Depravity is the denial of our finiteness. We claim to be self-validating, unaccountable to anyone. We say, “I am who I am”—a crude counterfeit of the great I AM. Ask yourself: Would you want to be at the mercy of a god like you? Be honest. Then get to know Christ. You’ll see the God you’re really at the mercy of.
Re: Verse reading–2 Timothy 1:6-14; 2:1-15 (day two)
But I am not ashamed, for I know whom I have believed, and I am convinced that he is able to guard until that Day what has been entrusted to me. vs. 12
Imprisoned and alone, Paul’s words to Timothy show the fervor of his commitment to Christ. How often when discussing faith have your heard the words ‘it’s a private matter’? Yes, each person has to account for themselves and is responsible to the Lord, but we are not to be ashamed to give account of our faith in Christ Jesus. Paul’s imprisonment only emboldened his resolve to share the Good News and to encourage others to do the same. We are not in prison or in bondage, let us therefore share boldly with others.
Re: Verse reading – 2 Timothy 1:6-18; 2:1-15 (day one)
Due to family circumstances the Pastor will not post on the blog today. Please read this weeks Re: Verse reading in preparation for Aaron’s post tomorrow.
Re: Verse reading–1 Timothy 6:3-19 (day seven)
“Some people, eager for money, have wandered away from faith.”—v 10.

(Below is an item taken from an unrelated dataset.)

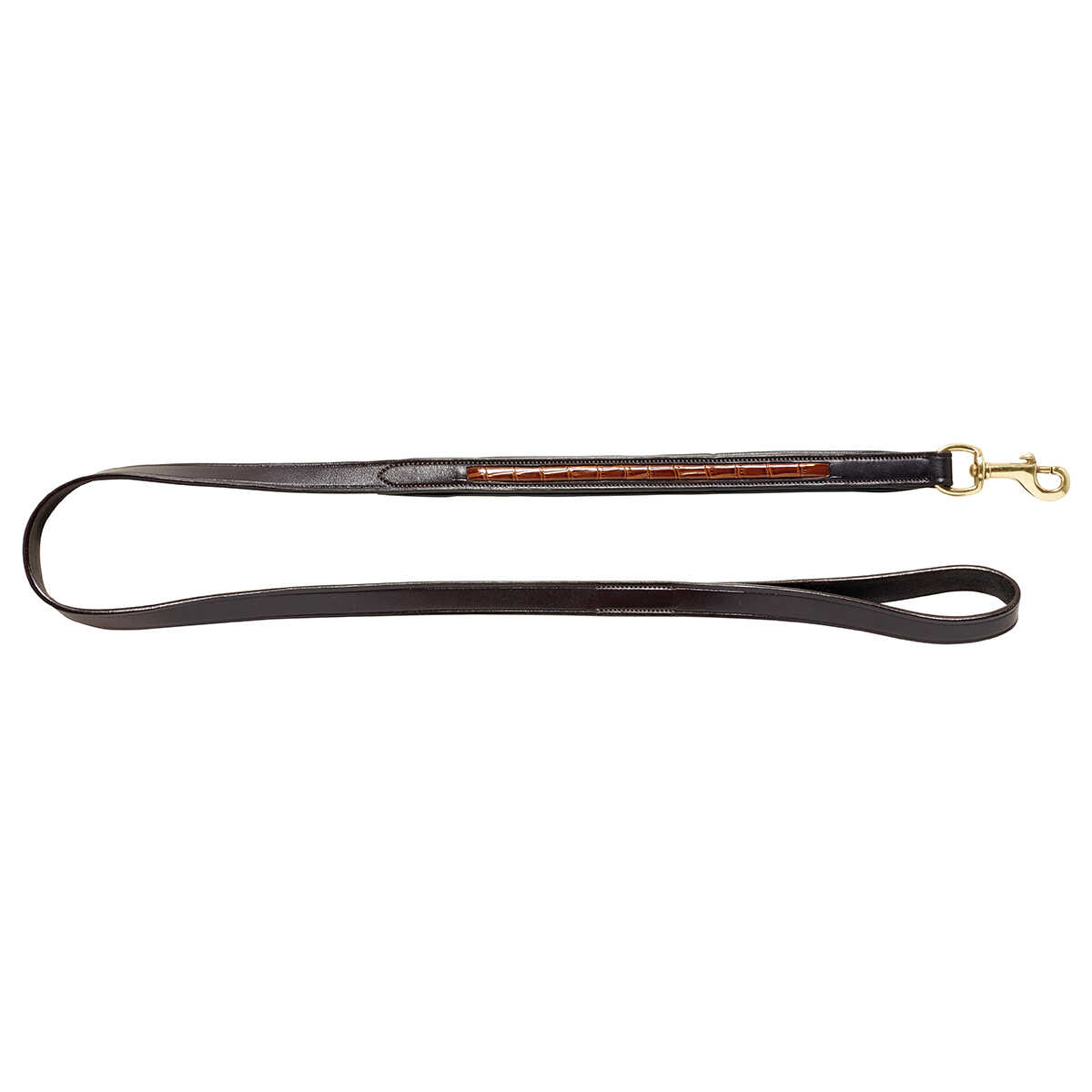 Woofmasta Croc Leather Lead Brown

Vitally important subject today, serious blind spot in this present generation. Followers of Christ must value godliness OVER gain, must see the temptation inherent in the attempt to use godliness AS A MEANS of gain. (see v 5) As we prepare for worship this morning, please reflect on these thoughts. “Keep deception and lies far from me, give me neither poverty nor riches; feed me with the food that is my portion, lest I be full and deny Thee. . .lest I be in want and steal and profane thy name.”—Proverbs 30:8. “God may allow His servant to succeed when He has disciplined him to the point that he no longer needs it to be happy. The man who is elated by success and cast down by failure is still a carnal man.”–A. W. Tozer.

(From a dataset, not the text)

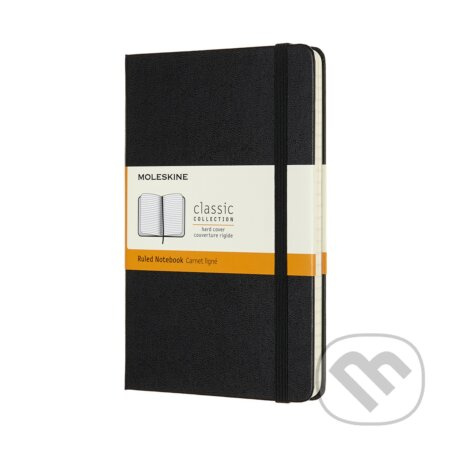 Zápisník Moleskine - tvrdé desky, M, linkovaný černý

See you in worship in a few hours. You are loved!
Re: Verse reading–1 Timothy 6:3-19 (day five)
“For we have brought nothing into the world, so we cannot take anything out of it either.”–v 7.
A popular phrase. Describes a limited resource situation. “More for me will mean less for you.” And vice versa. At the end of the game, gains and losses always equal zero. Life is like that. Over time, all that we have accumulated will be surrendered back. Early gains will exactly equal later losses. Old Joke. . . rich man dies. Q-“How much did he leave?” A-“All”. The only exception to this rule is the soul. A relationship with God, deeds done in service to Him, these go with us out of this present age into the next. These are the “treasures” that Jesus encouraged us to send ahead.–Matthew 6:19. “What does it profit a man to gain the whole world and forfeit his soul?”—Mark 8:36. It doesn’t! Apart from Christ and a walk of faith, life is a zero-sum game.
Re: Verse reading–1 Timothy 6:3-19 (day five)
11 But flee from these things, you man of God, and pursue righteousness, godliness, faith, love, perseverance and gentleness.
Do you get tired of constantly being reminded or repeatedly urged and encouraged about things you already believe or understand? Most of the time my response is a dismissing “I Know, I Know!!” Paul reminds Timothy of “trustworthy sayings”. He urges remembering doctrinal truths. Over and over, he calls for Timothy to teach these same things to believers in Ephesus. Why? Paul knows the human heart. He knows that the human heart is wired to pursue. It’s just often we pursue the wrong things. Sometimes we pursue the right things but for wrong reasons. So, maybe if we frequently made (sang) honest confessions and earnest pleas, the Spirit would give our hearts needed “course corrections”.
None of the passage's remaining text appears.